Hello hounds: well, I keep hoping to add images to this report, but haven't got around to finding a website to host them...so figured I should just post part 1, and hopefully will get the pics aspect all worked out by the time I write Part II...
Anyway, I just returned from three weeks in Jordan. The purpose of my trip was to help my 20 year old daughter, who has just enrolled in a semester away program to study Arabic at the University of Jordan, get settled, and to see for myself that she would be happy and safe at her new school. Not really a pleasure trip, but I couldnt see going all that way and not having a bit of fun and touring the country as well. So, before getting down to the business of helping find Jess find a place to live, get registered for classes, get a visa extension, and all the rest of her preparations, I splurged on a trip for the two of us to see the country.

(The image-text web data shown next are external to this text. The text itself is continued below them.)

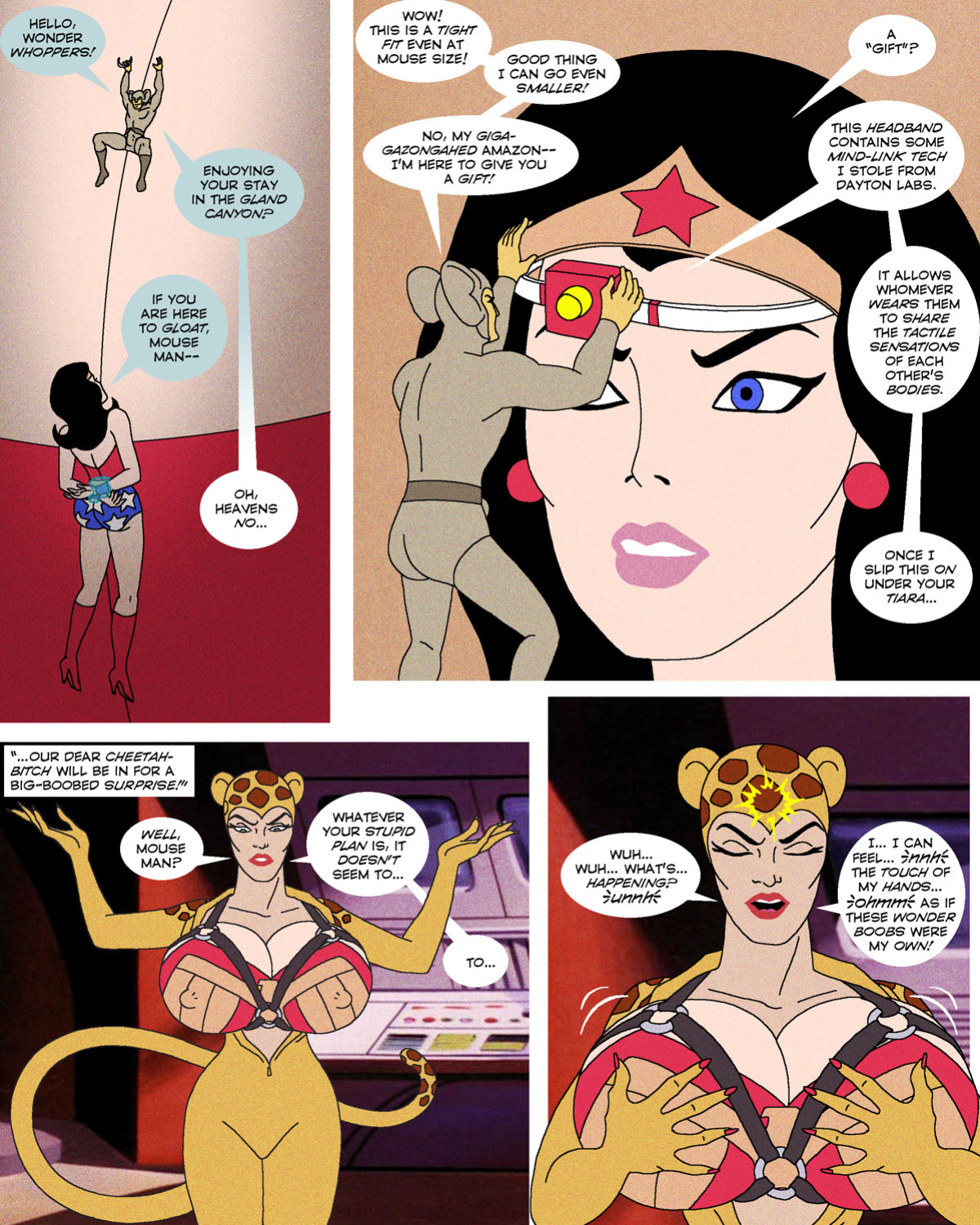 Super Friends with Benefits: A Game of Cat and Mouse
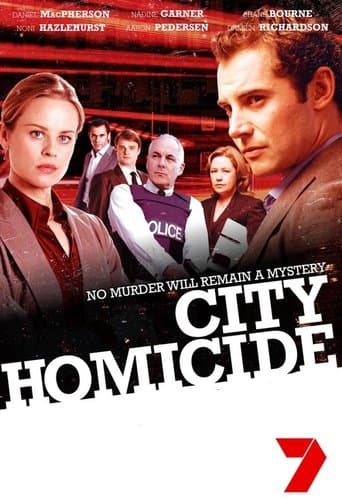 Affiche de City Homicide : L'Enfer du crime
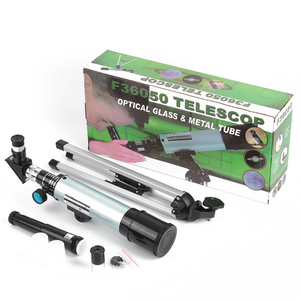 Télescope astronomique monoculaire réfracteur <span class=keywords><strong>F36050M</strong></span>, ouverture de 50 mm, longueur focale de 360 mm, pour enfants et débutants, en alliage d'aluminium - Product Image 4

This was the first trip for both of us to Jordan and to the Middle East. We werent sure what to expect in terms of tourist facilities, ease of travel etc., particularly for two women travelling independently. Given that, and since I didnt want to have to drive but wanted flexibility in setting a tour schedule, we booked a private car with driver for a seven day trip around the country (since it is a small country, about the size of Virginia, a week is a good amount of time to see the highlights). This option turned out to be very affordable: one can rent a car with driver for a comparable amount to that of the rental car alone in the US, and since hotels and meals are considerably less than in the US, as long as one doesnt insist on five star places, our overall costs were quite reasonable. I booked this tour on-line through a company called Jordan Eco-Tours and highly recommend them for reliable, friendly, and good value service.
But this is primarily a chow posting, not a travel log, so on to the chow. I had gotten a few tips off of the board and from CH connections, but most of those were for Amman, and will go into the Amman portion of my report. Happily, however, as good fortune would have it, our driver for the trip south, and for some of our tours around Amman, Ahmed, had the heart of a chowhound. His tips provided some of the eating highlights of our journey ..These included:
Magaba: This town in Central Jordan, on the road to Petra, is known for its Byzantine Church with a map on the floor, composed of mosaic inlay that is the oldest known map of the Middle East. The church courtyard is a pleasant place to linger, but first we needed a snack, and Ahmed led us across the street to a stand where I had the best falafels of my life. Unfortunately, the name was only in Arabic, and when I asked Ahmed later for the name, he confessed that he never remembered the names of places, only locations. Sigh. Oh well, at 1 JD ($1.40) for four falafels, one cant go wrong trying more than one stand. To try and find the one he led us to: it is across the street from the Church courtyard and catty corner a half a block to the right. It is a tiny place big enough for about three people to stand in, obviously take out only .Since Ahmed ordered, I dont know if English is spoken, but just hold up fingers for how many you want, and point. Everything is made fresh in front of you; and if you want a drink, grab a soda from the cooler behind you. Simply delicious.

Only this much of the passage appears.